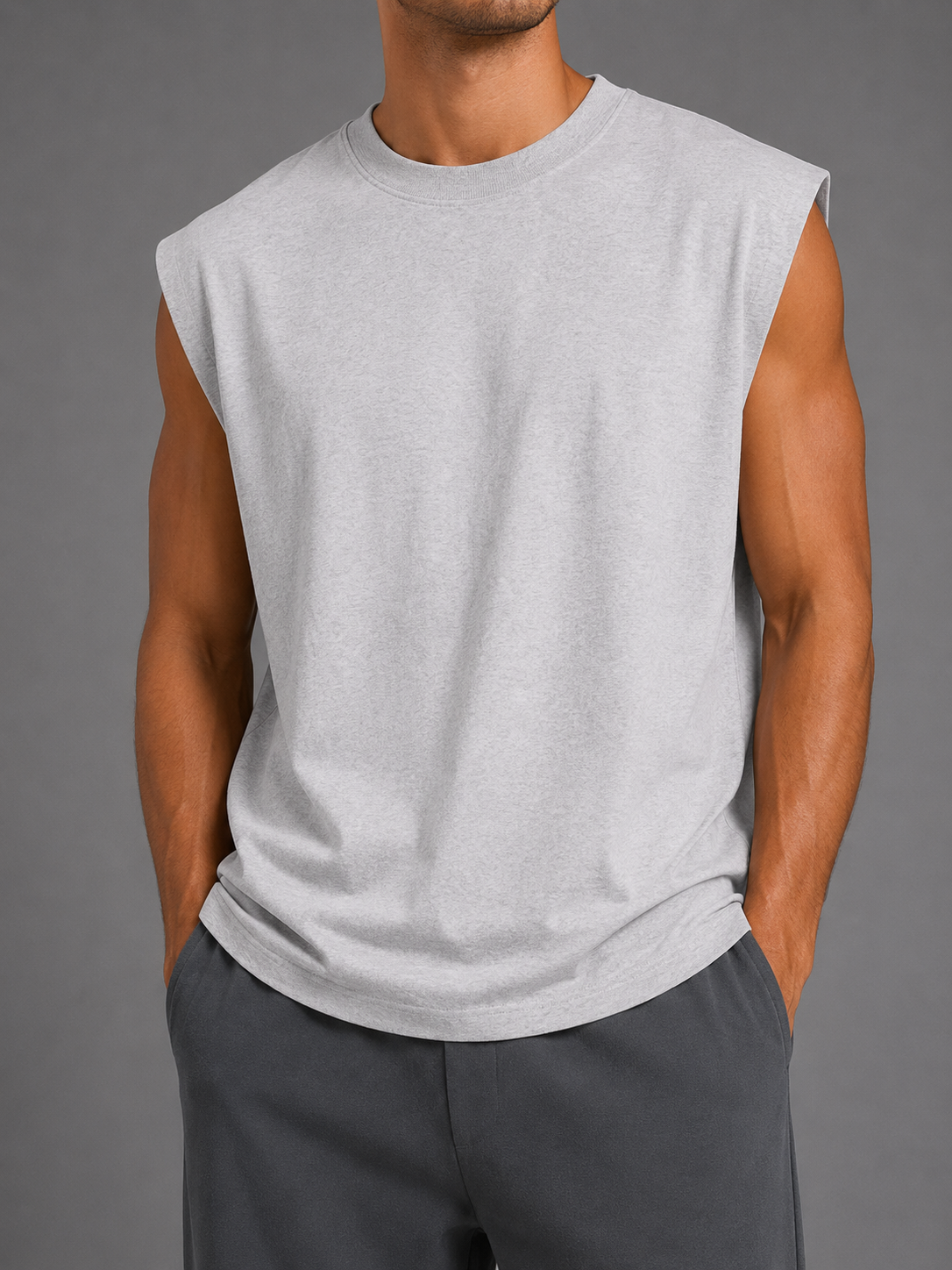 Raw Edge Cotton Tank Top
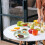Round Divided Dinner Plates Plastic Lightweight Buffet Plates Green Three-Cell Grid Stackable Plates 7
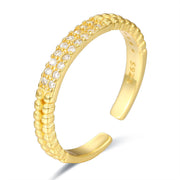 Versatile Simple Sterling Silver Double Row Diamond – Stylish Gifts — 3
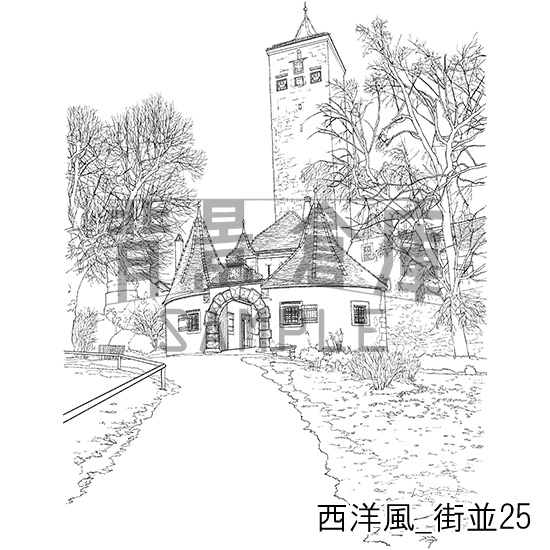 西洋風の背景集_セット12(街並)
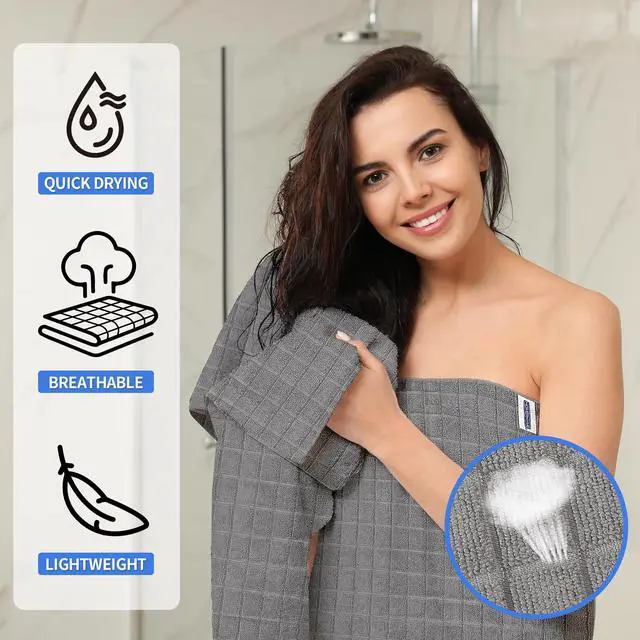 Alt view image 4 of 7 - Microfiber Bath Towels 2 Pack (22'' x 48'') - Lightweight Quick Dry Microfiber Fingertip Hand Towels, Soft Absorbent Gym Towels for Yoga, Salon, Camping, Hotel, Bathroom, Spa, Travel & Dog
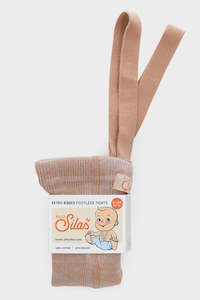 Infant clothing: Footless Cotton Tights - Silvery Brown  | Silly Silas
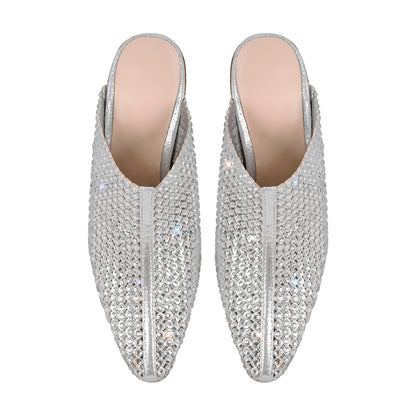 Rhinestone Wooden Chunky Heel Mules - Onlymaker Everyday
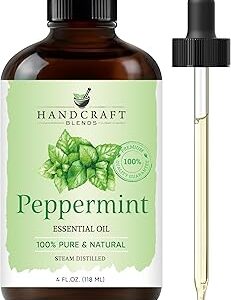 Handcraft Blends Peppermint Essential Oil – Huge 4 Fl Oz – 100% Pure and Natural – Premium Grade Essential Oil for Diffuser and Aromatherapy, Skin, Massage, Candle and Soap Making Fragrance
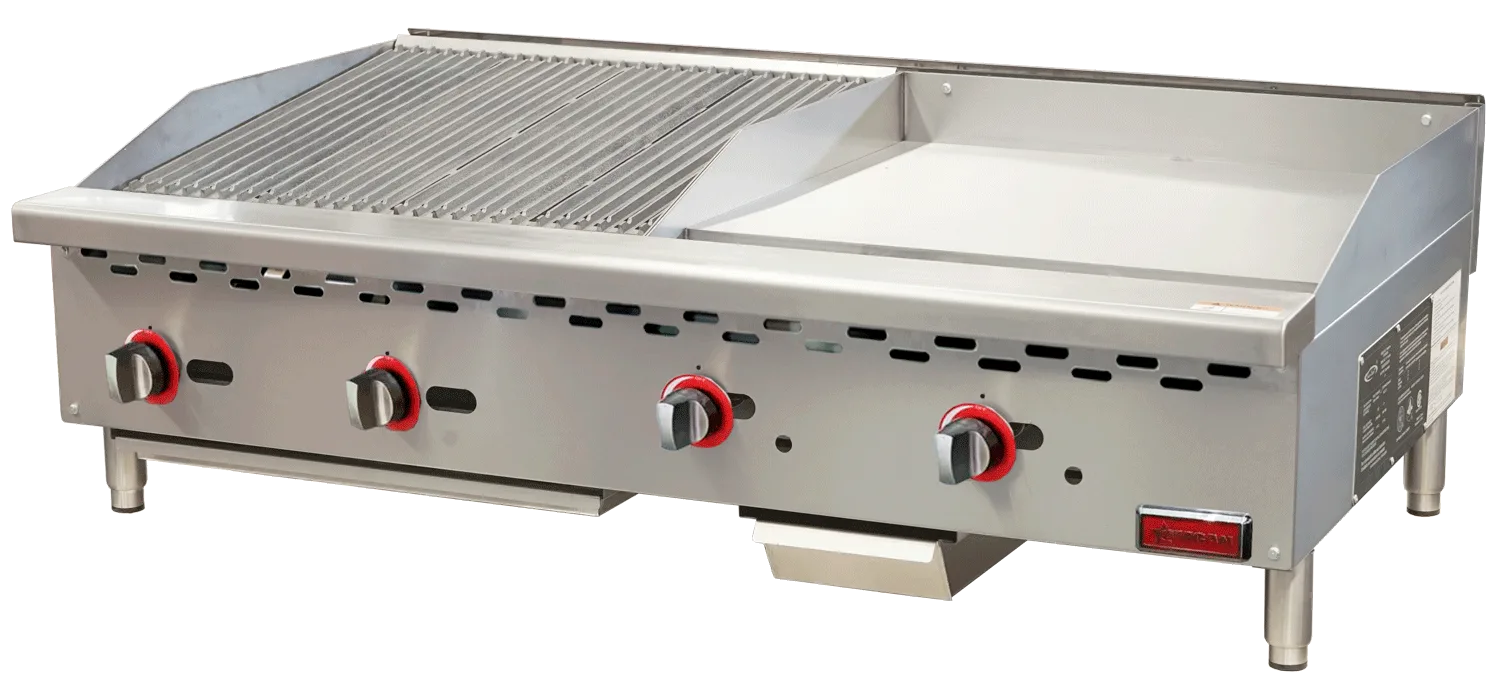 48″ Countertop Gas Combination Charbroiler and Griddle Combo – 130,000 BTU
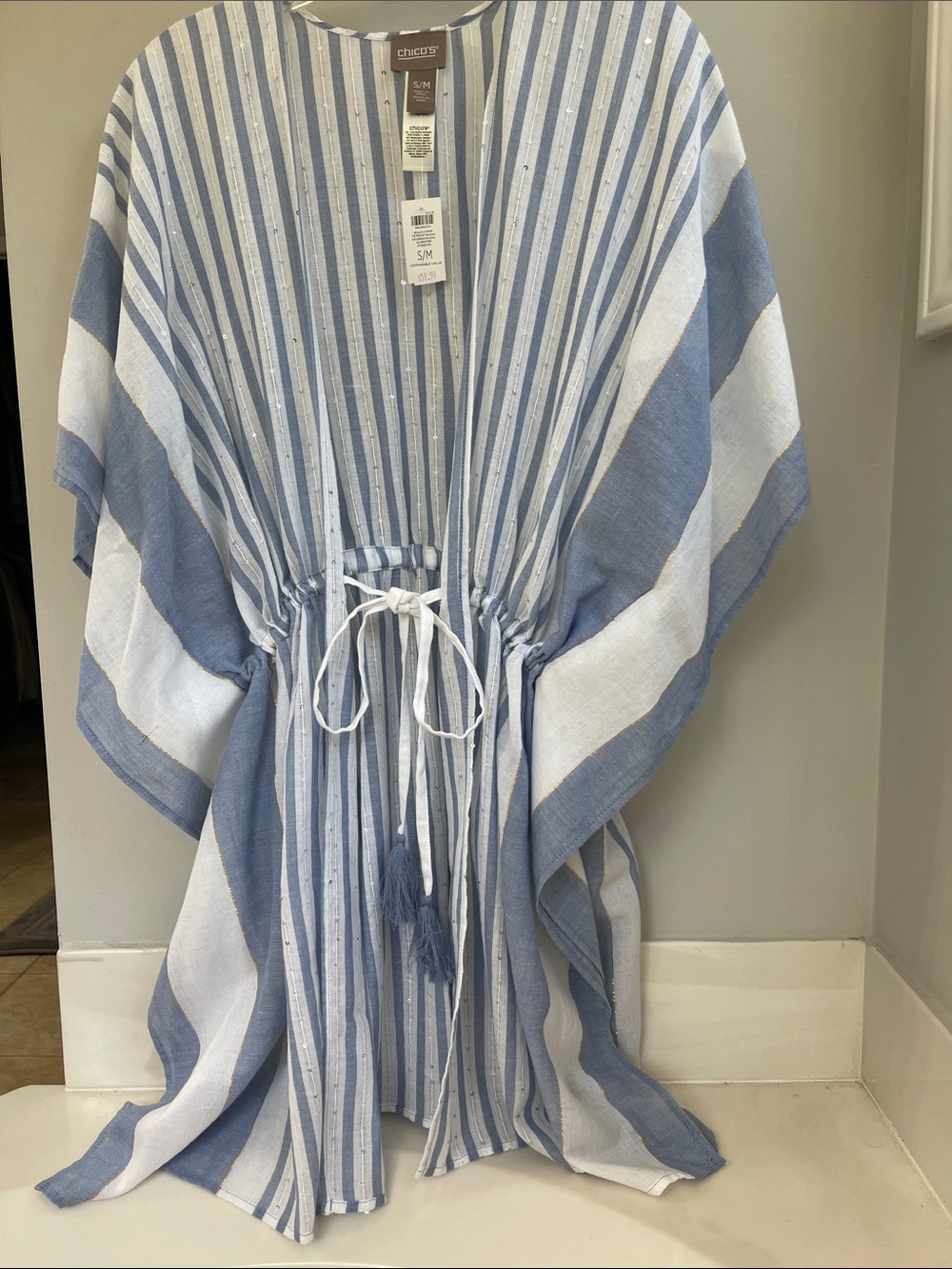 Chico's Blue and White Striped Drawstring Ruana/Beach Coverup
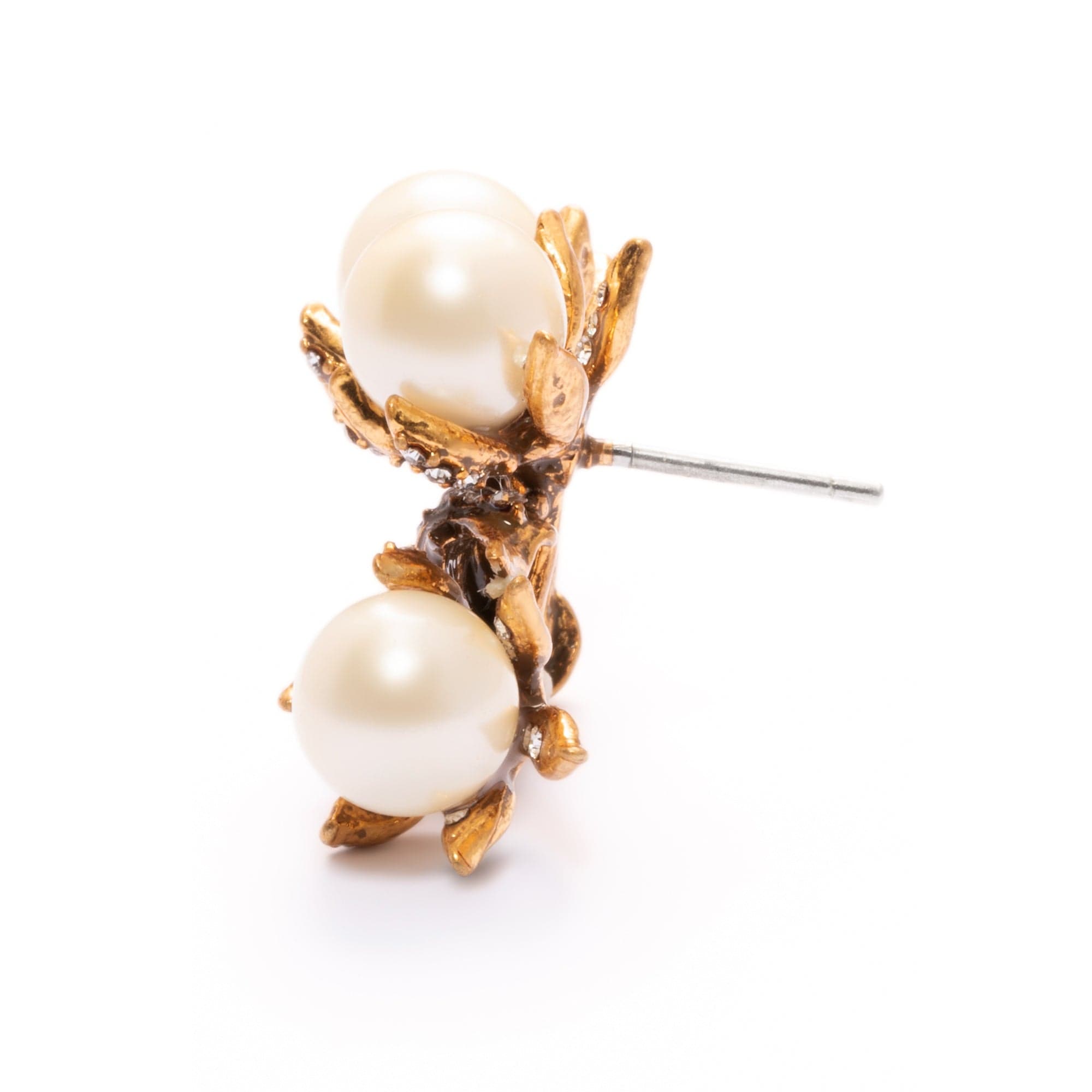 Brass Earrings, Imported Crystal Pearls, Imported Austrian Rhinestones, Russian Genuine Gold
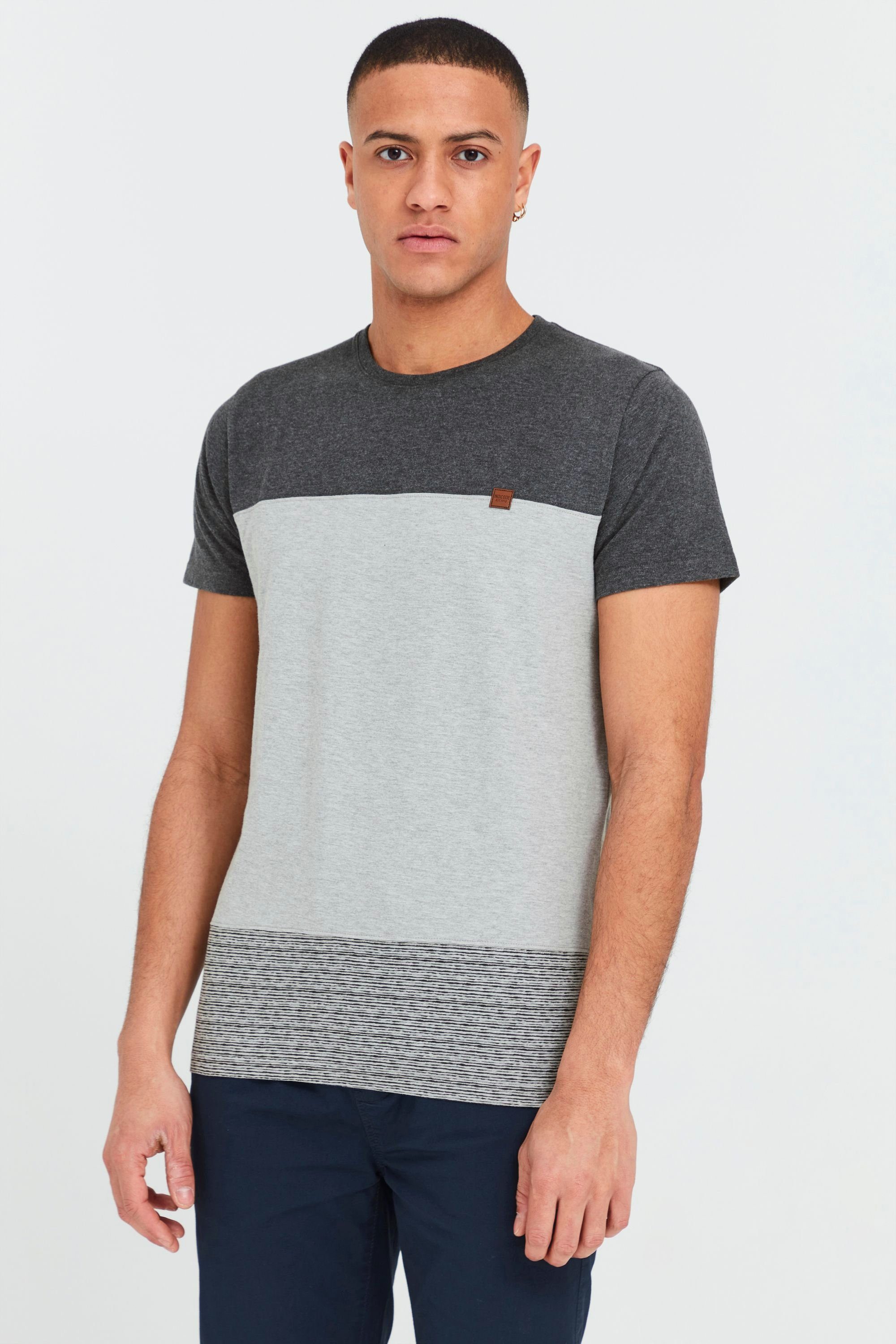 Indicode T-Shirt IDRemmond T-Shirt im Colorblock-Look Light Grey Mix (913)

───

◆ **Task statement**:
Nothing but an exact copy is needed, covering the lines from the line with "Round Divided Dinner" through the last line of the entries, pictures excluded.

◆ **Answer area**:
Round Divided Dinner Plates Plastic Lightweight Buffet Plates Green Three-Cell Grid Stackable Plates 7
 Versatile Simple Sterling Silver Double Row Diamond – Stylish Gifts — 3
 西洋風の背景集_セット12(街並)
 Alt view image 4 of 7 - Microfiber Bath Towels 2 Pack (22'' x 48'') - Lightweight Quick Dry Microfiber Fingertip Hand Towels, Soft Absorbent Gym Towels for Yoga, Salon, Camping, Hotel, Bathroom, Spa, Travel & Dog
 Infant clothing: Footless Cotton Tights - Silvery Brown  | Silly Silas
 Rhinestone Wooden Chunky Heel Mules - Onlymaker Everyday
 Handcraft Blends Peppermint Essential Oil – Huge 4 Fl Oz – 100% Pure and Natural – Premium Grade Essential Oil for Diffuser and Aromatherapy, Skin, Massage, Candle and Soap Making Fragrance
 48″ Countertop Gas Combination Charbroiler and Griddle Combo – 130,000 BTU
 Chico's Blue and White Striped Drawstring Ruana/Beach Coverup
 Brass Earrings, Imported Crystal Pearls, Imported Austrian Rhinestones, Russian Genuine Gold
 Indicode T-Shirt IDRemmond T-Shirt im Colorblock-Look Light Grey Mix (913)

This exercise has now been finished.